>>>>

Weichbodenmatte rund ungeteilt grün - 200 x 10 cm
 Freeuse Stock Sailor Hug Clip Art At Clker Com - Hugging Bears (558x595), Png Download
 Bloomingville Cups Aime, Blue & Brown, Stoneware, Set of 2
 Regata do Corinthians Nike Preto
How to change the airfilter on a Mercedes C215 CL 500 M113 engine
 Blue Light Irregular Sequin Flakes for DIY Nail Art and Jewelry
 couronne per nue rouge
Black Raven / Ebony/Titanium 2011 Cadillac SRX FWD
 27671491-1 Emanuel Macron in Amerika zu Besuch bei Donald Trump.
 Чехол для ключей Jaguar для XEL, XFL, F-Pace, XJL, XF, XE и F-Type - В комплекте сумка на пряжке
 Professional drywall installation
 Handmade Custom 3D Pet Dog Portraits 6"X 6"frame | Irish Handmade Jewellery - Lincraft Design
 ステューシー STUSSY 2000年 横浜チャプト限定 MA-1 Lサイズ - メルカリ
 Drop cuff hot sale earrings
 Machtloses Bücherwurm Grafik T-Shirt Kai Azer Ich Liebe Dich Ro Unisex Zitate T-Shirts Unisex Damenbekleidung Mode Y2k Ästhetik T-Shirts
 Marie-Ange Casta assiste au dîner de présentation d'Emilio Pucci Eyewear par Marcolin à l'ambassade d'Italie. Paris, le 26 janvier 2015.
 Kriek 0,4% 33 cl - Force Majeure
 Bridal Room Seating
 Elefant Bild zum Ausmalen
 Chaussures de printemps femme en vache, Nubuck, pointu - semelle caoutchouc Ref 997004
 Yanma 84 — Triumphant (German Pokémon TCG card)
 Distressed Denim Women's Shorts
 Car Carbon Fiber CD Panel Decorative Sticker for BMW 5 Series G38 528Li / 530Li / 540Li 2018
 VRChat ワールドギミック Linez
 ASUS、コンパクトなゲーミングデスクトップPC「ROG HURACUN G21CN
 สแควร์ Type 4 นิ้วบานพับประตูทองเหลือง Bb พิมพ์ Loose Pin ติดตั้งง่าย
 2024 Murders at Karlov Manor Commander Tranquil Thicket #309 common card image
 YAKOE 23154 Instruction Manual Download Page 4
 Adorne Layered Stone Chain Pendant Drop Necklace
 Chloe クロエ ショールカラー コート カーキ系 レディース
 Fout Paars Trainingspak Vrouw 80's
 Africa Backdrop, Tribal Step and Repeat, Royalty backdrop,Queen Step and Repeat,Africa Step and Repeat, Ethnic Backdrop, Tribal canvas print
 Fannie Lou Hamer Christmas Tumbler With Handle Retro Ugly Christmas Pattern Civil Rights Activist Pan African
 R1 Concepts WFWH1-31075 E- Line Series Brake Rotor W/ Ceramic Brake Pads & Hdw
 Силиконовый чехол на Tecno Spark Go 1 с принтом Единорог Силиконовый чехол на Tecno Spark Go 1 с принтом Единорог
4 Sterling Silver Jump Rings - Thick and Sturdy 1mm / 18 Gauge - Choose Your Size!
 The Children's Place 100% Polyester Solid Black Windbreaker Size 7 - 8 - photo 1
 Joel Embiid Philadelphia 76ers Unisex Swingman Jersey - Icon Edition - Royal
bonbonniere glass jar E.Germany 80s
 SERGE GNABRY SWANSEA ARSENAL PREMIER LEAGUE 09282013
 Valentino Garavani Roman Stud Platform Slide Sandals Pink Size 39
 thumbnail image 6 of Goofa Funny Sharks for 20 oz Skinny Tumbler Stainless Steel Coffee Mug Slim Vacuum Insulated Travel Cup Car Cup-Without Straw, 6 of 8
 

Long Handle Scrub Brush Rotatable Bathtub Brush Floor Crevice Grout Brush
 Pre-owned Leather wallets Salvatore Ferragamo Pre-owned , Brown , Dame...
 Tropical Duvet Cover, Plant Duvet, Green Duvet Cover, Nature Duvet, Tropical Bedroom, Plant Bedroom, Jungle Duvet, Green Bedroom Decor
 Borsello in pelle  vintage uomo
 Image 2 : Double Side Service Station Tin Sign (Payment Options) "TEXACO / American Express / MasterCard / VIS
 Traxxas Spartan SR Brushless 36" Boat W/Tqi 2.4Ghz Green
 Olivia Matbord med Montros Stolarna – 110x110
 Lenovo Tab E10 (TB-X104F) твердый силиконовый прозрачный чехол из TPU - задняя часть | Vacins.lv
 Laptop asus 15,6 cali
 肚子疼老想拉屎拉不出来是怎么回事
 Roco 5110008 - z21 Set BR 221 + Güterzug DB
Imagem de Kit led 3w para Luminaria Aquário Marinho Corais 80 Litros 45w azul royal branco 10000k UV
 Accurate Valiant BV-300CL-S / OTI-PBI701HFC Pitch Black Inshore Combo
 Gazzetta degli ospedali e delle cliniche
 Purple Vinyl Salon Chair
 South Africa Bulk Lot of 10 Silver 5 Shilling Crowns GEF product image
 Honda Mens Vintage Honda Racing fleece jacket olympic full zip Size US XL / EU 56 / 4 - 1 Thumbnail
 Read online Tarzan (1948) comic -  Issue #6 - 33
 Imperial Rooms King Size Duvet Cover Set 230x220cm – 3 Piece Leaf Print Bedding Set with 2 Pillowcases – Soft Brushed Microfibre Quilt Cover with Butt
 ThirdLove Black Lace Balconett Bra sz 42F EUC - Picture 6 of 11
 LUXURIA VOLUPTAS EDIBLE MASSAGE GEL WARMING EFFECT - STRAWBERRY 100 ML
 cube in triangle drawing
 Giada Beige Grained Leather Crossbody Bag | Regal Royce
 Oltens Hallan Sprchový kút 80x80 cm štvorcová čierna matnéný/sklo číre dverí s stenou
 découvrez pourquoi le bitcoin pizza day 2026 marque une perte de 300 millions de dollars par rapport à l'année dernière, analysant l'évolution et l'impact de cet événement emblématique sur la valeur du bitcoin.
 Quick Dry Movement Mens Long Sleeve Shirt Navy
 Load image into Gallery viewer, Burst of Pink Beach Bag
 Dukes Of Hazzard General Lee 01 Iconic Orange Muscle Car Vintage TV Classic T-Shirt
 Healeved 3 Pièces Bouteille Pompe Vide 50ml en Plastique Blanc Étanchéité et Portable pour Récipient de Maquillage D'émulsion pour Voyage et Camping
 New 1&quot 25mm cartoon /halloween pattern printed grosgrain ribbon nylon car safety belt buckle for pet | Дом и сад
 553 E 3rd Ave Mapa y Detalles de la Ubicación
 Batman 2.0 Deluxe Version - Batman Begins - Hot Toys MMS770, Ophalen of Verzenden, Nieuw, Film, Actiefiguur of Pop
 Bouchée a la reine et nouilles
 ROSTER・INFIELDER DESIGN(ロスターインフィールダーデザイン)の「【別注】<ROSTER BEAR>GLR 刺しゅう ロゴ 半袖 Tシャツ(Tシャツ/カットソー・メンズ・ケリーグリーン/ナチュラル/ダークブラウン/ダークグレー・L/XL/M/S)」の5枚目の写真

<<<<

For the listing above, print only the lines starting at the line containing "Yanma 84 — Triumphant" and ending at the line containing "YAKOE 23154 Instruction", exactly, both included.

 Yanma 84 — Triumphant (German Pokémon TCG card)
 Distressed Denim Women's Shorts
 Car Carbon Fiber CD Panel Decorative Sticker for BMW 5 Series G38 528Li / 530Li / 540Li 2018
 VRChat ワールドギミック Linez
 ASUS、コンパクトなゲーミングデスクトップPC「ROG HURACUN G21CN
 สแควร์ Type 4 นิ้วบานพับประตูทองเหลือง Bb พิมพ์ Loose Pin ติดตั้งง่าย
 2024 Murders at Karlov Manor Commander Tranquil Thicket #309 common card image
 YAKOE 23154 Instruction Manual Download Page 4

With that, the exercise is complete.